Problem Description
Today is Ignatius' birthday. He invites a lot of friends. Now it's dinner time. Ignatius wants to know how many tables he needs at least. You have to notice that not all the friends know each other, and all the friends do not want to stay with strangers.
One important rule for this problem is that if I tell you A knows B, and B knows C, that means A, B, C know each other, so they can stay in one table.
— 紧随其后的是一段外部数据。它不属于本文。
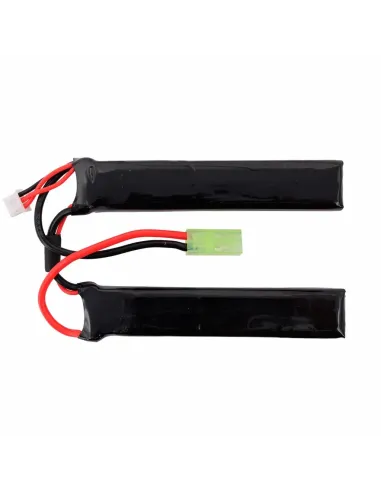 copy of Batería Lipo 7.4v 1450mAh 25/50c 1 Stick - VLC Pro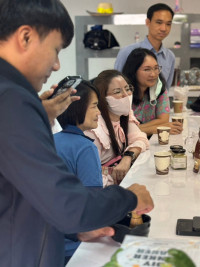 คณะศึกษาศาสตร์ มช. จัดกิจกรรมอบรมระยะสั้น Re-skills & Up-skills การพัฒนาศักยภาพสู่การเป็นครูในโลกยุคใหม่ ครั้งที่ 2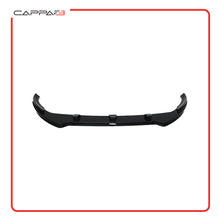 Front Bumper Lip and Rear Bumper Sill for Volkswagen Caddy 5 (SB) 2020 Onward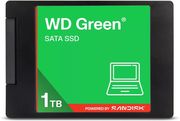 ssd sandisk wd green 1tb 25 sata 3 wds100t5g0a photo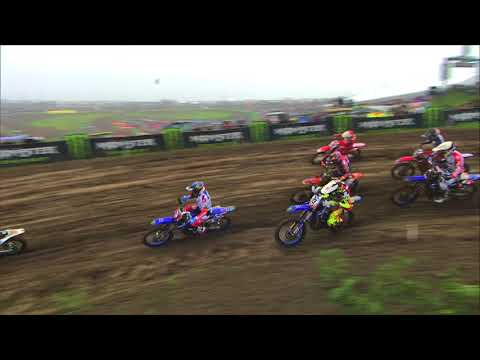 MXGP Best Moments - Monster Energy FIM Motocross of Nations Presented by Fiat Professional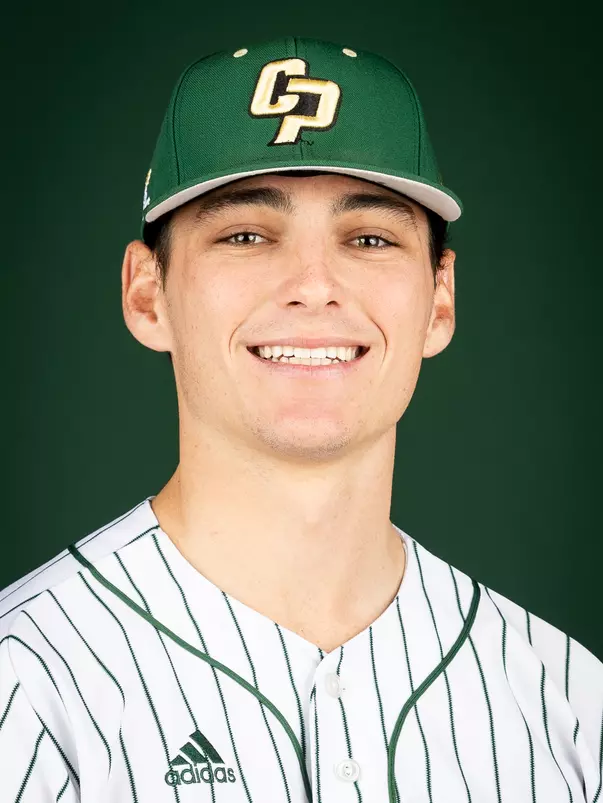 Luke Kovach
Baseball
Photo by Owen Main 1/5/25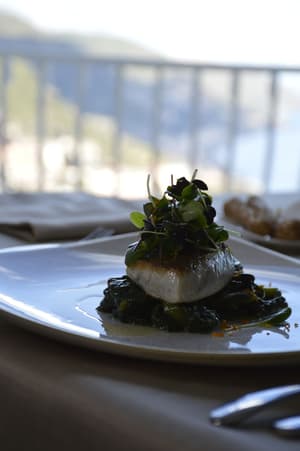 thumbnail: Restaurant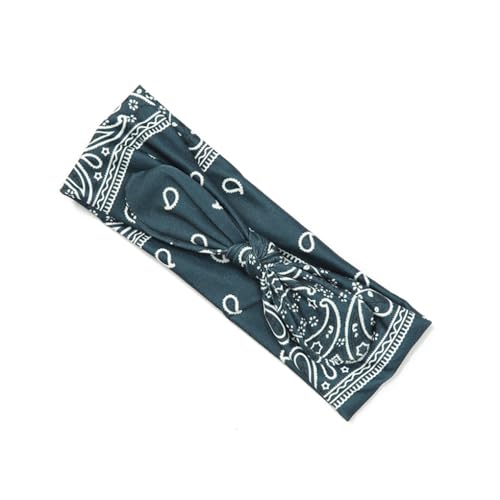 budiniao Mode Haarbänder Verstellbare Gesichtswäsche Stirnband Stirnbänder Drucken Heimbedarf Dekorationszubehör für Frauen, Marine budiniao Mode Haarbänder Verstellbare Gesichtswäsche Stirnband Stirnbänder Drucken Heimbedarf Dekorationszubehör für Frauen, Marine von budiniao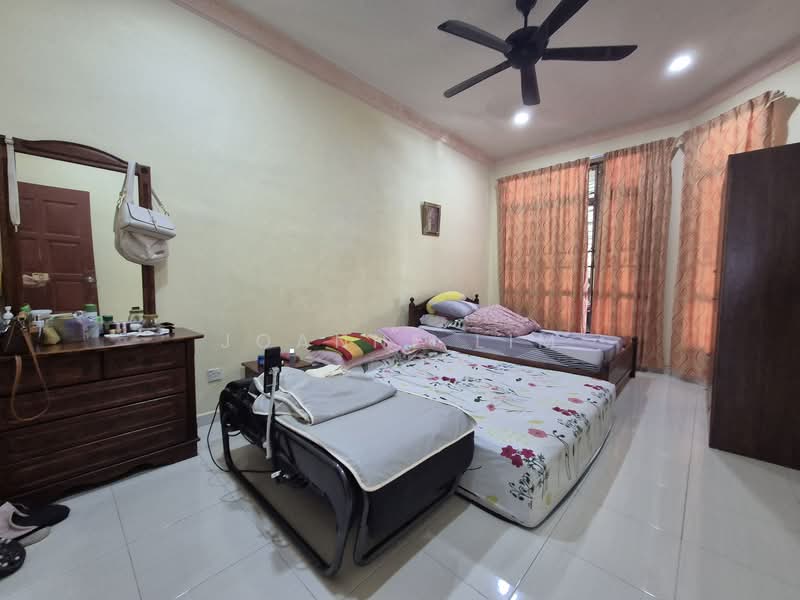 1-storey Terraced House for Sale in Taman Rembia Perkasa (Rembia) - Joanne Lim - PropertyGuru.com.my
For example: If I tell you A knows B, B knows C, and D knows E, so A, B, C can stay in one table, and D, E have to stay in the other one. So Ignatius needs 2 tables at least.
Input
The input starts with an integer T(1<=T<=25) which indicate the number of test cases. Then T test cases follow. Each test case starts with two integers N and M(1<=N,M<=1000). N indicates the number of friends, the friends are marked from 1 to N. Then M lines follow. Each line consists of two integers A and B(A!=B), that means friend A and friend B know each other. There will be a blank line between two cases.
Output
For each test case, just output how many tables Ignatius needs at least. Do NOT print any blanks.
Sample Input
2
5 3
1 2
2 3
4 5
5 1
2 5
Sample Output
2
4
题意:请客吃饭,希望把认识的人在一个桌子上吃饭,不认识的人在另外一桌吃饭。
思路:这是一个并查集的问题,将各自分类。
1.输入t,确定循环的次数
2.输入人数和认识的对数
3.初始化,将每个人都设置为自己认识自己init
void init(int n){
for(int i=1;i<=n;i++)
{
par[i] = i;
}
}
4.输入认识对数的具体人,将认识的人都联合在一起
int Find(int a)
{
if(par[a]==a)
return a;
else
return Find(par[a]);
}
void Union(int a,int b)
{
a = Find(a);
b = Find(b);
if(a!=b)
par[a] = b;
}
5.输入结束后,遍历每一个节点,当它还是以自己为认识的人时,代表他需要自己做一个桌子
具体代码入下:
#include<cstdio>
using namespace std;
int par[1005];
void init(int n){
for(int i=1;i<=n;i++)
{
par[i] = i;
}
}
int Find(int a)
{
if(par[a]==a)
return a;
else
return Find(par[a]);
}
void Union(int a,int b)
{
a = Find(a);
b = Find(b);
if(a!=b)
par[a] = b;
}
int main()
{
int t;
scanf("%d",&t);
while(t--)
{
int n,x;
int a,b;
scanf("%d%d",&n,&x);
init(n);
for(int i=0;i<x;i++)
{
scanf("%d%d",&a,&b);
Union(a,b);
}
int ans = 0;
for(int i=1;i<=n;i++)
{
if(par[i]==i)
ans++;
}
printf("%d\n",ans);
}
return 0;
}